Start of Data section

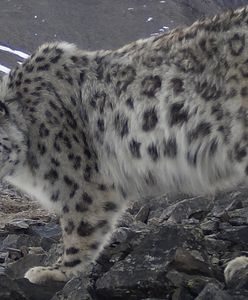 Złapała je fotopułapka. Cztery lamparty śnieżne w rezerwacie Ałtaj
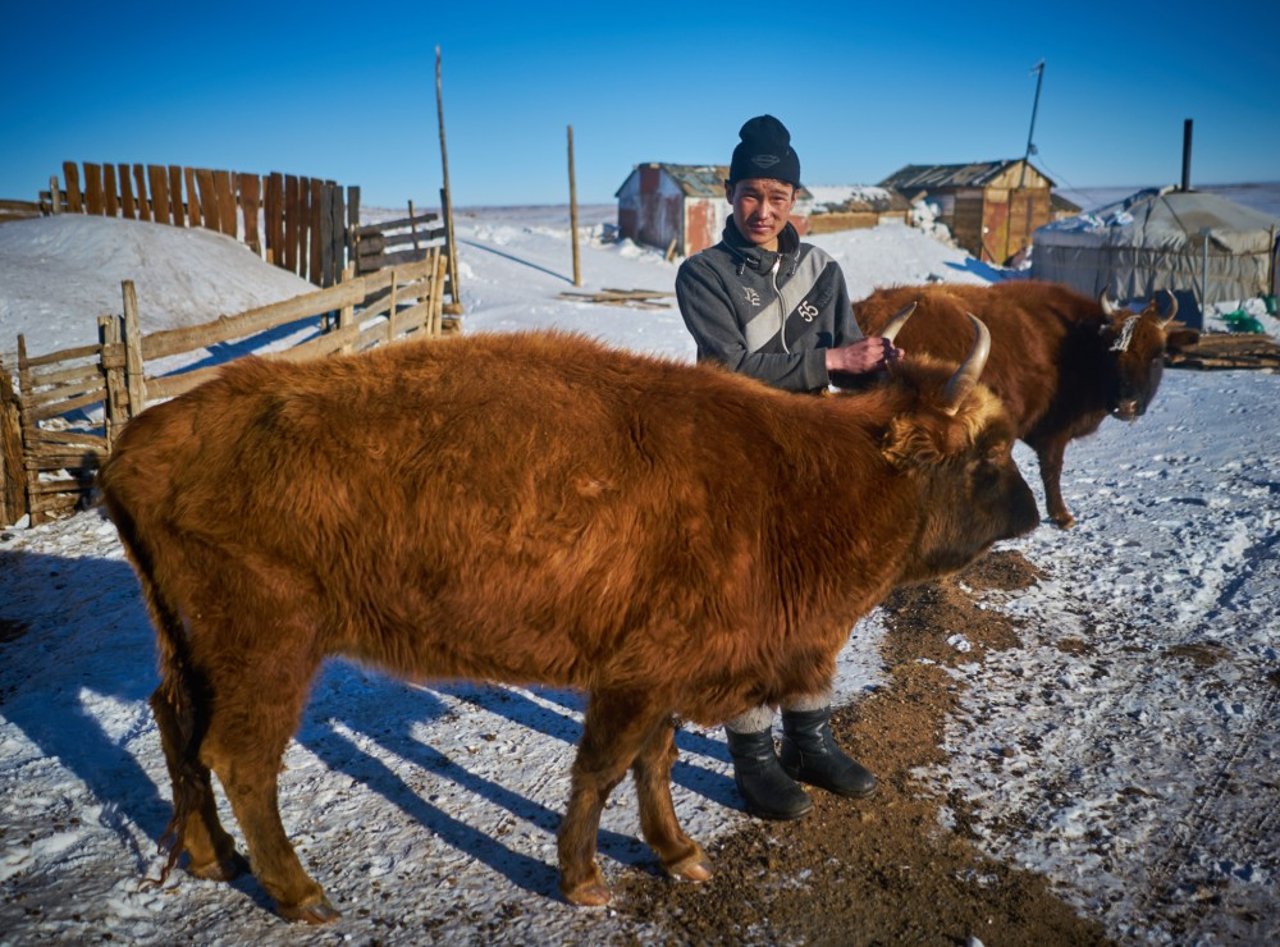 20160201_mongolia_dzud_015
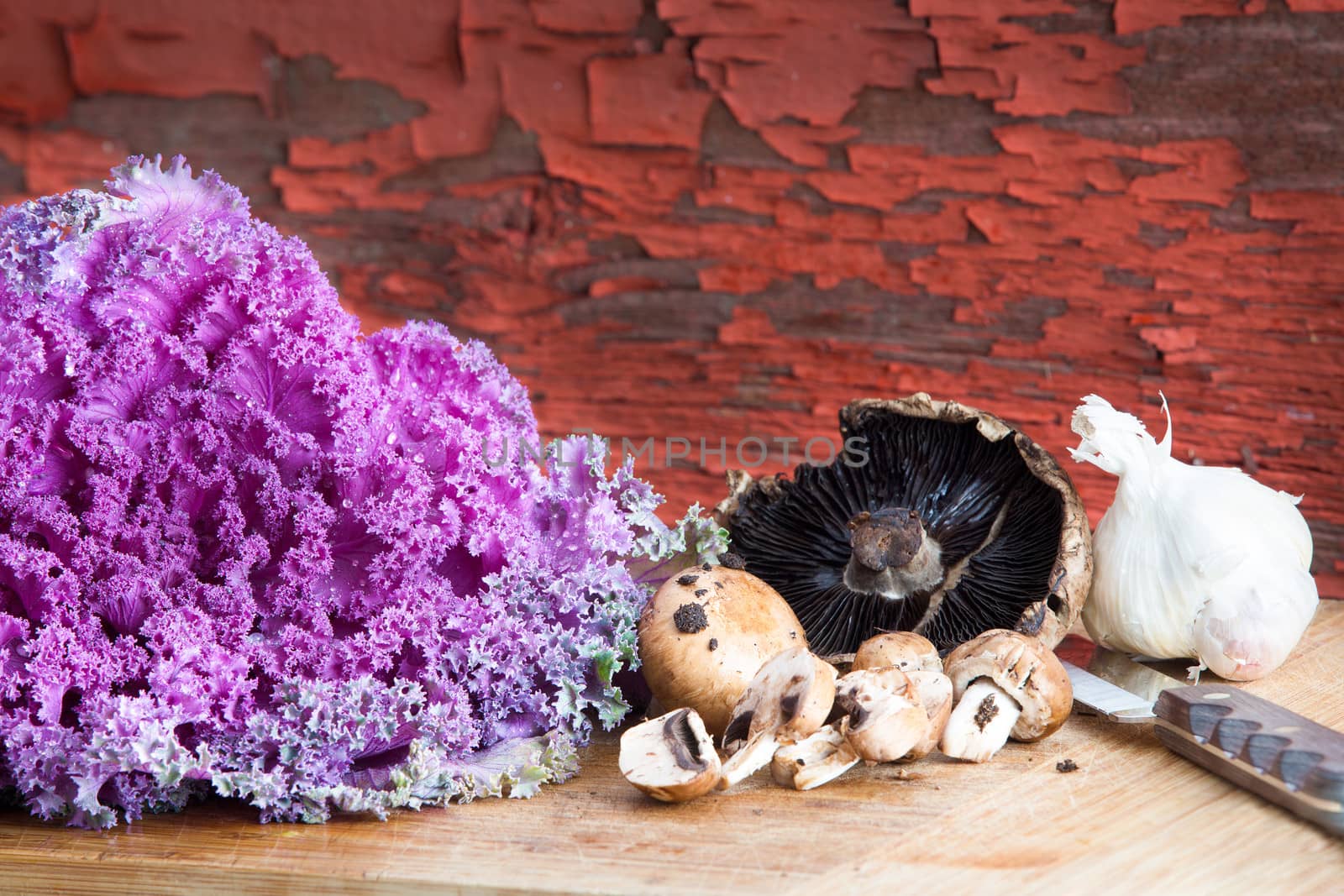 Kale, mushrooms and garlic in a rustic kitchen by coskun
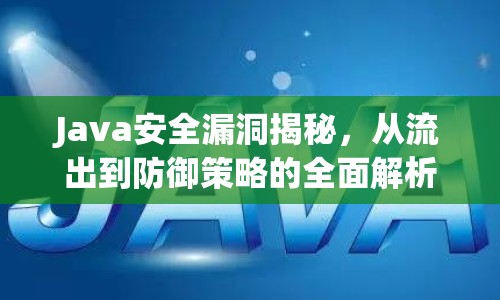 Java安全漏洞揭秘，從流出到防御策略的全面解析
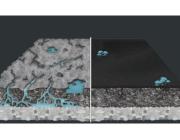 Drive Way Seal Ingersoll – Premium Sealcoating to Enhance Curb Appeal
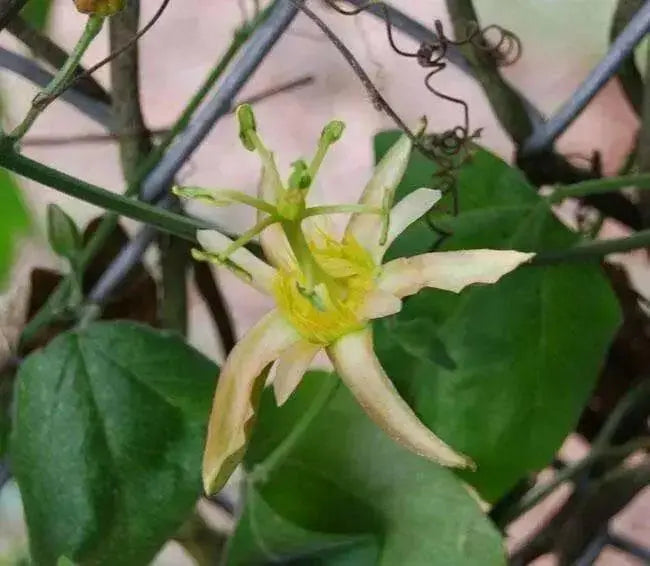 NATIVE PASSIONFRUIT (5 SEEDS) Tropical Vine - Caribbean garden seed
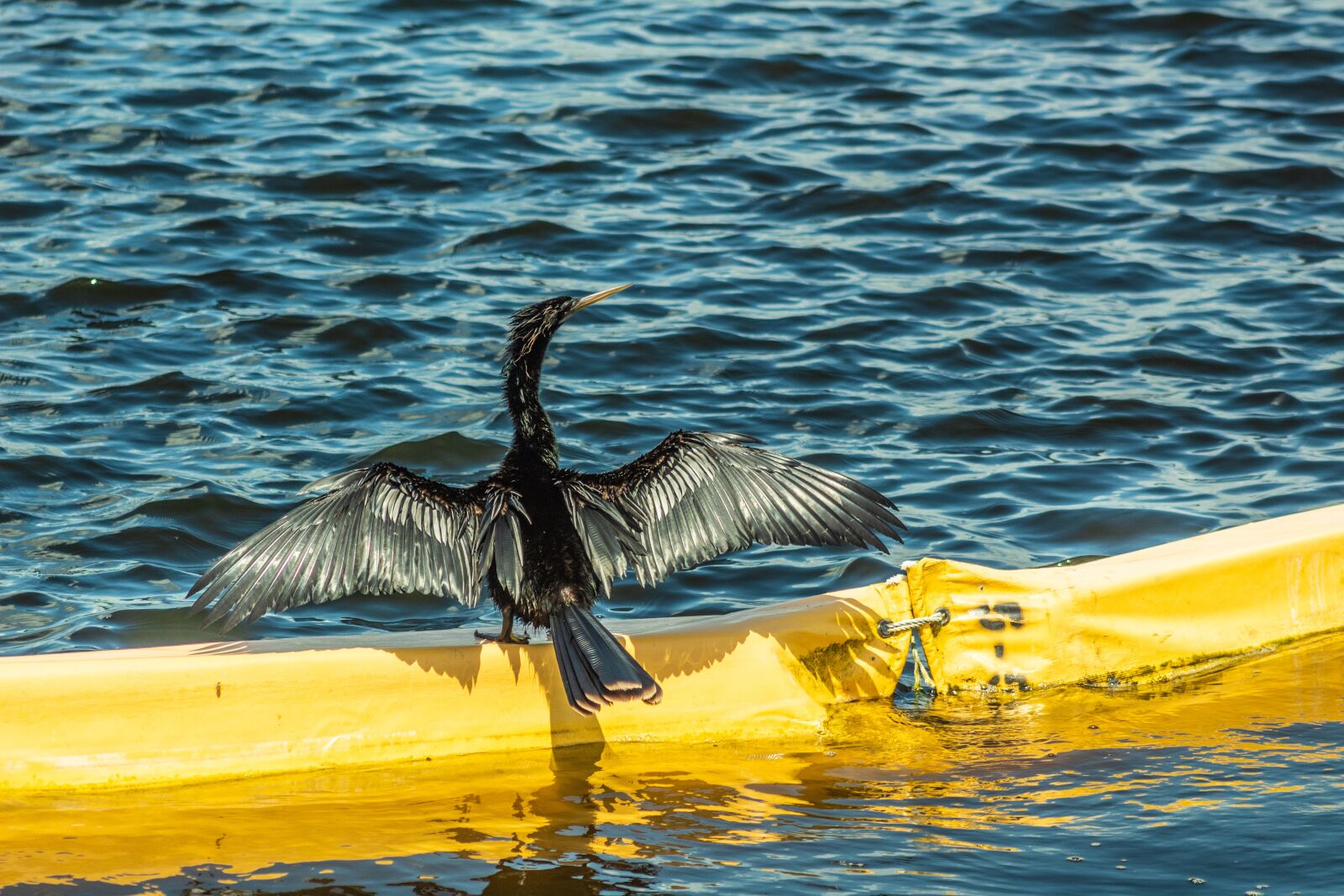 Canon EOS 1300D (EOS Rebel T6 / EOS Kiss X80) sample photo. Bird, water bird, florida photography
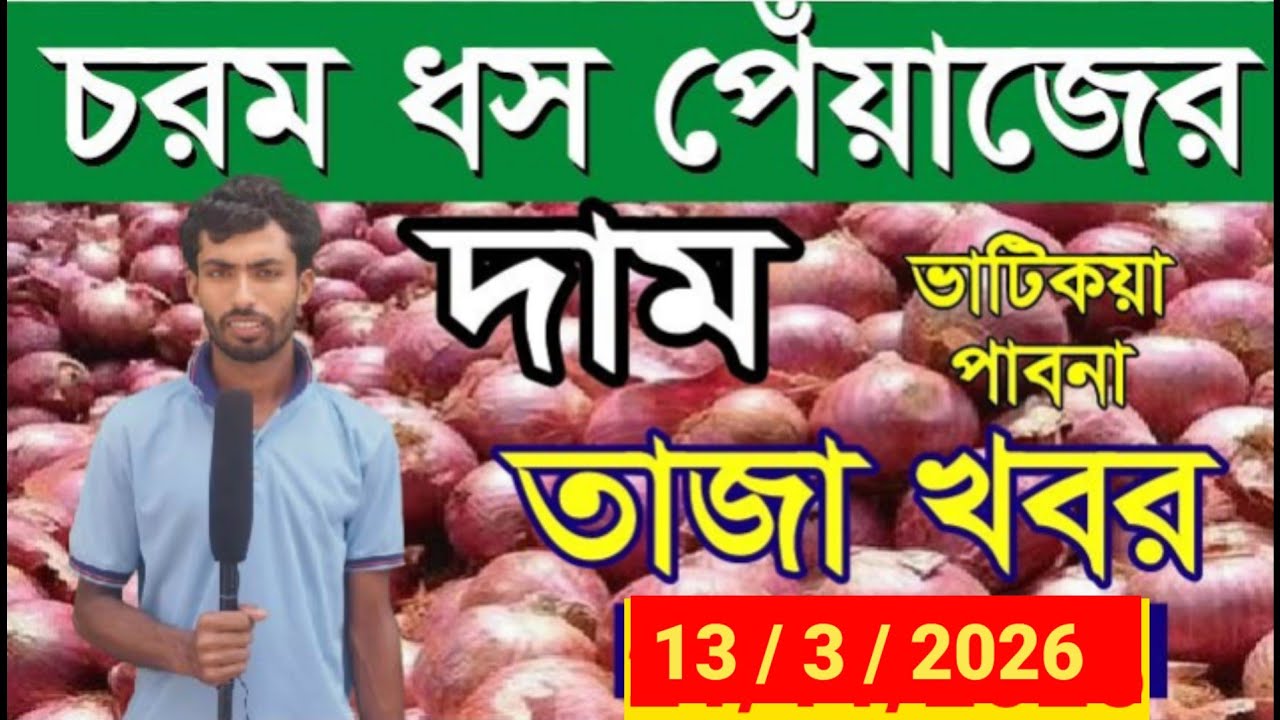 13/3/2026 মনকাটা পেঁয়াজ চরম ধস পাবনা | পেঁয়াজের আজকের খবর | Bangladesh onion market today 2026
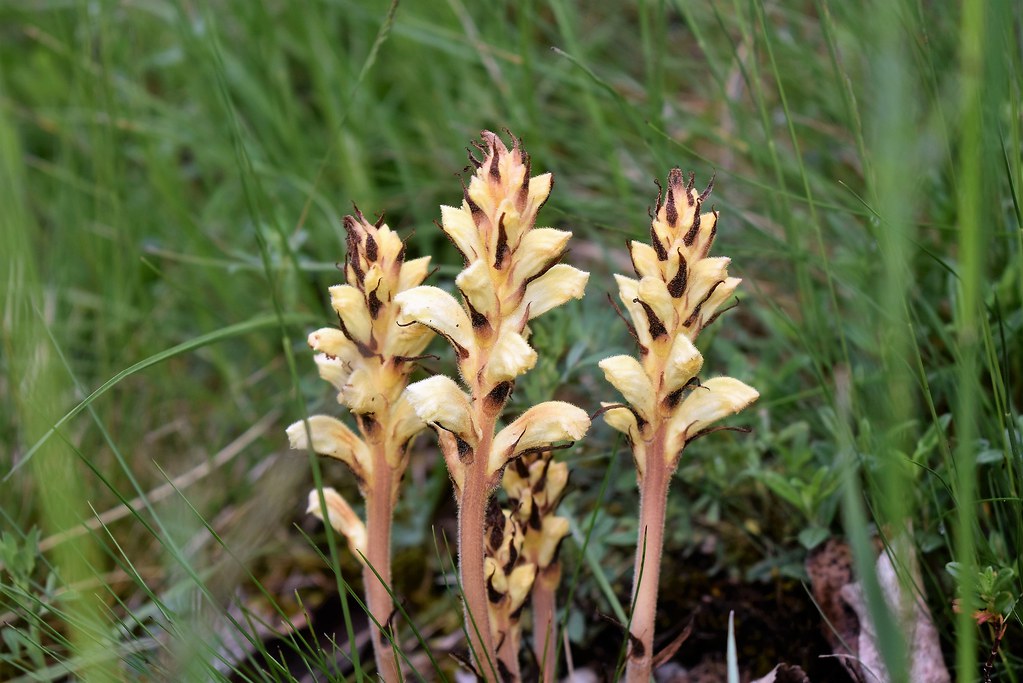Orobanche jaune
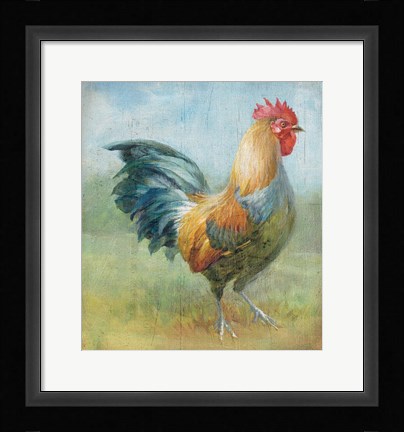 Framed Noble Rooster III Vintage No Border Print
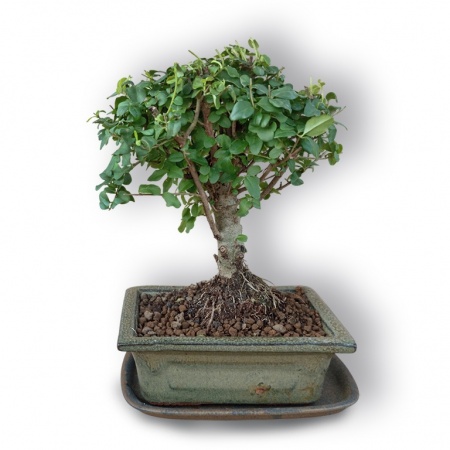 Ligustrs bonsai, Ref. 3048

End of Data section

**How to complete this task**
Write out the whole listing verbatim, images excluded.

**Output for this task**
 Złapała je fotopułapka. Cztery lamparty śnieżne w rezerwacie Ałtaj
 20160201_mongolia_dzud_015
 Kale, mushrooms and garlic in a rustic kitchen by coskun
 Java安全漏洞揭秘，從流出到防御策略的全面解析
 Drive Way Seal Ingersoll – Premium Sealcoating to Enhance Curb Appeal
 NATIVE PASSIONFRUIT (5 SEEDS) Tropical Vine - Caribbean garden seed
 Canon EOS 1300D (EOS Rebel T6 / EOS Kiss X80) sample photo. Bird, water bird, florida photography
 13/3/2026 মনকাটা পেঁয়াজ চরম ধস পাবনা | পেঁয়াজের আজকের খবর | Bangladesh onion market today 2026
Orobanche jaune
 Framed Noble Rooster III Vintage No Border Print
 Ligustrs bonsai, Ref. 3048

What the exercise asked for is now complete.